Brandon McCarthy is a pitcher with 12 years of big-league experience, proven leadership capabilities and a dry sense of humor well-suited for clubhouse banter or for the more irreverent types among his quarter-million Twitter followers.
None of which will matter to the Braves nor their fans if McCarthy doesn’t stay healthy and make as many starts as general manager Alex Anthopoulos thinks he can after getting the 34-year-old right-hander in a December trade with the Dodgers.
Anthopoulos announced immediately after the deal that McCarthy would be in the starting rotation provided he stayed healthy. The pitcher fully understands and wants to be a relied-upon veteran leader for his new team.
“That’s certainly my goal going into every season, is to make every start every five days, and to get back to being that guy that I can do that more consistently than I’ve done in the past,” McCarthy said. “That starts with just getting in the weight room now, getting back to work, making sure I’m doing things right and then letting the season play out from there.
“If I’m on the training table today, nobody’s going to come talk to you. Nobody cares how long you’ve been around; you have to be out there, you have to be with them, you have to be pitching. They have to know that you’re going through the same things that they’re going through. Being available, being healthy is a big part of it, and I don’t have enough of a person to come out the other way, where you can just lead through any situation.
“I’ve got to be functional, I’ve got to be active.”
The Braves plan to have returning pitchers Julio Teheran and Mike Foltynewicz joined by McCarthy in the rotation, with the two remaining spots to be contested by candidates led by young left-handers Luiz Gohara, Max Fried and Sean Newcomb.
McCarthy was 6-4 with a 3.98 ERA in 19 games (16 starts) last season for the Dodgers, missing half the season for a dislocated non-throwing shoulder, knee tendinitis and a recurring finger blister, but returning late with his 94-mph fastball intact and a new slider he’s still working to hone. He was on the Dodgers’ World Series roster.

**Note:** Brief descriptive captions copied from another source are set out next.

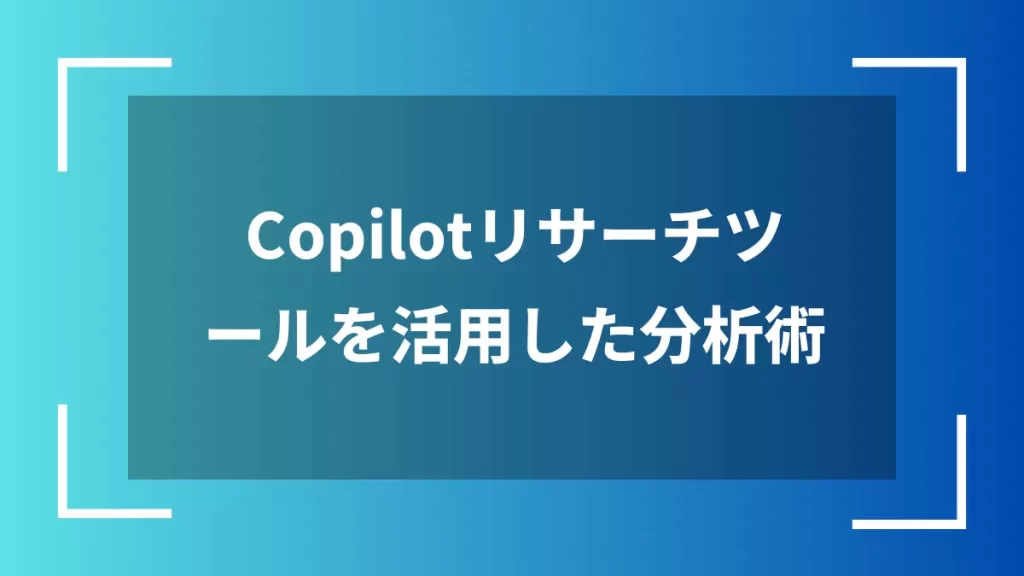Copilotリサーチツールを活用した分析術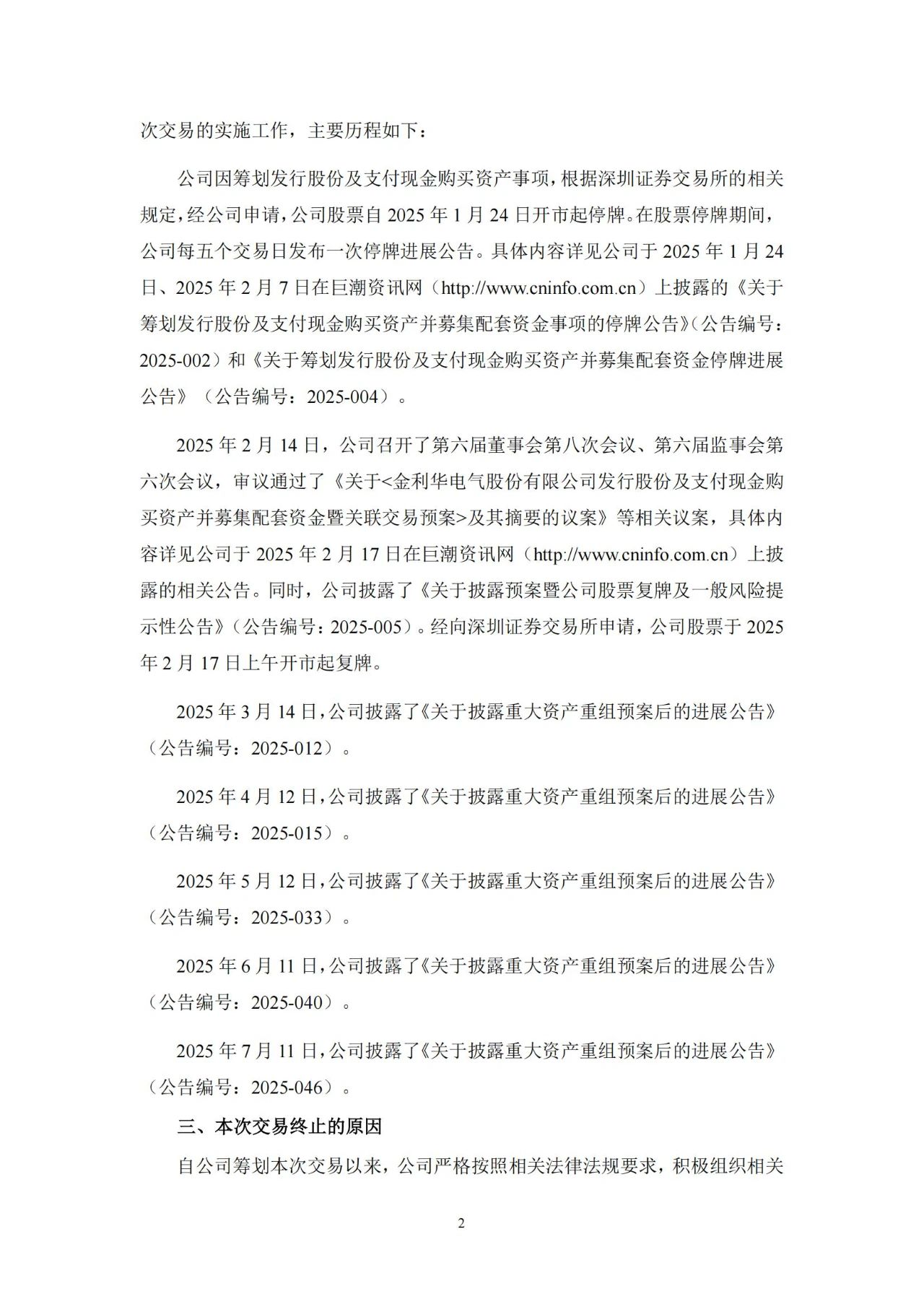 微信图片_2025-08-14_150258_419.jpg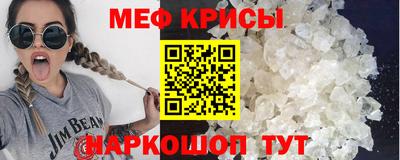 мяу мяу мука Бузулук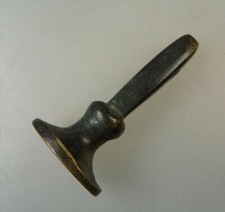 Ungarische Petschaft Siegel "Szentpaly György" Bronze um/ab 1800 (64220)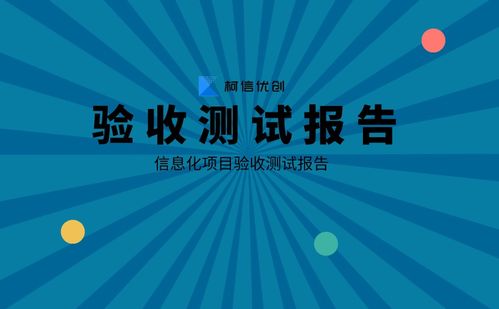 成功的项目交付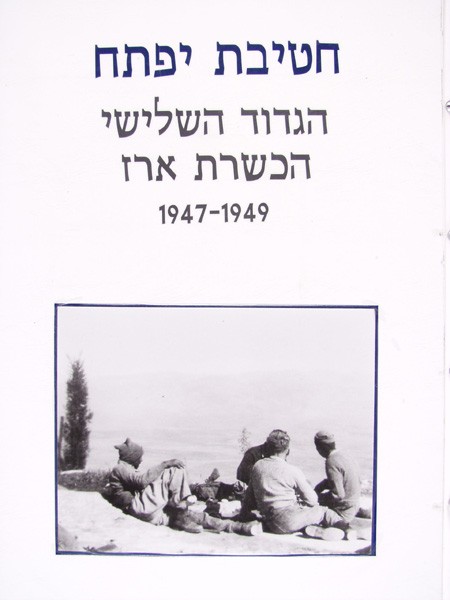 חטיבת יפתח - הגדוד השלישי - הכשרות - 2 - הכשרת ארז 1947-1949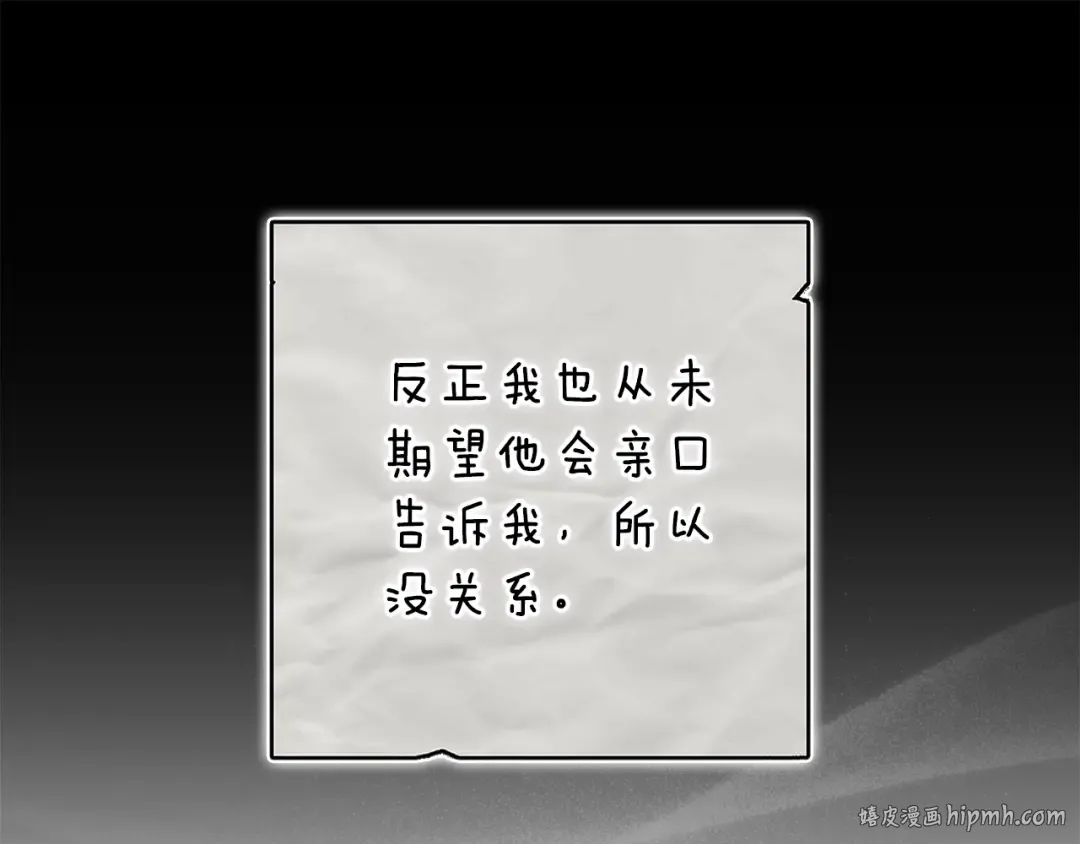 第90话 我等你，我爱你 第72页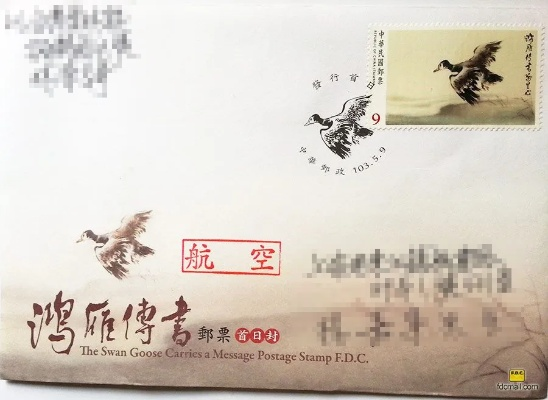 官方鸿雁传书免费下载,适用性执行方案_理财版_v4.951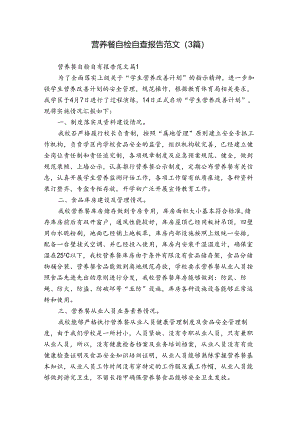 营养餐自检自查报告范文（3篇）.docx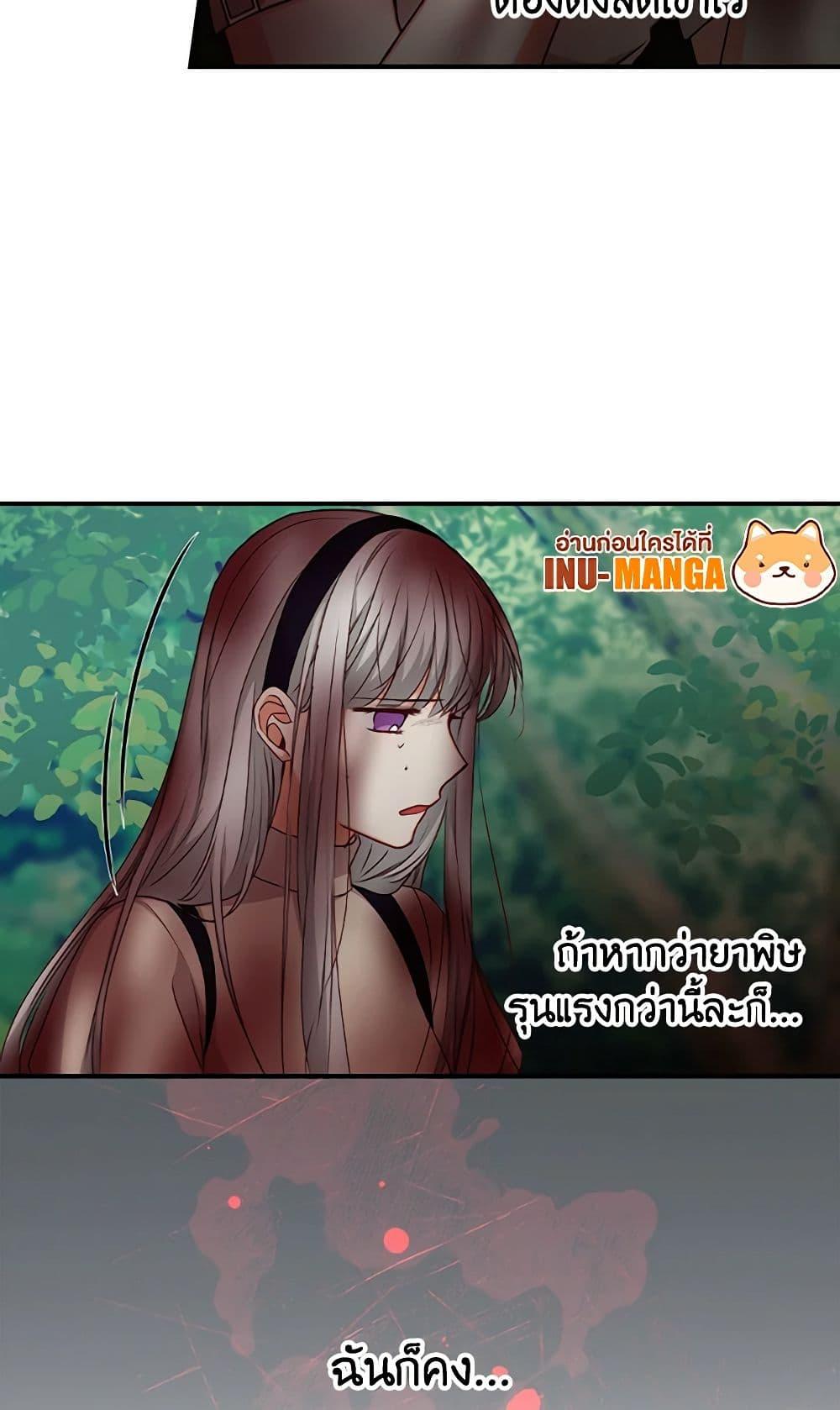 Manga-lc-com อ่านมังงะ อ่านการ์ตูน ออนไลน์ ฟรี Beware of the Brothers! ตอนที่ 1 2 3 4 5 6 7 8 9 10 11 12 13 14 ฟรี ไม่มีโฆษณา Manga-lc - อ่าน มังงะ อ่าน การ์ตูน ออนไลน์ อ่านมังงะ ฟรี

“Work ethic is outstanding,” Anthopoulos said. “Really bright. Quick wit; you see him on his tweets, which is pretty entertaining. But I’m really glad to have him, when he’s on the hill he’s really good. In L.A., there’s just so many talented guys, that rotation, at times it was tough to stick for guys that are really good. Guys like (Kenta) Maeda getting put in the bullpen; Brandon was in and out. Just had a lot of guys there.
“I kind of use the example, and they’re not the same guy at all, but when you look at a guy like A.J. Burnett going from the Yankees to the Pirates and re-establishing himself on a young team. I think Brandon has the ability to do that here. I think the performance will take care of itself if he’s on the mound, and everything else he’s going to bring as well.”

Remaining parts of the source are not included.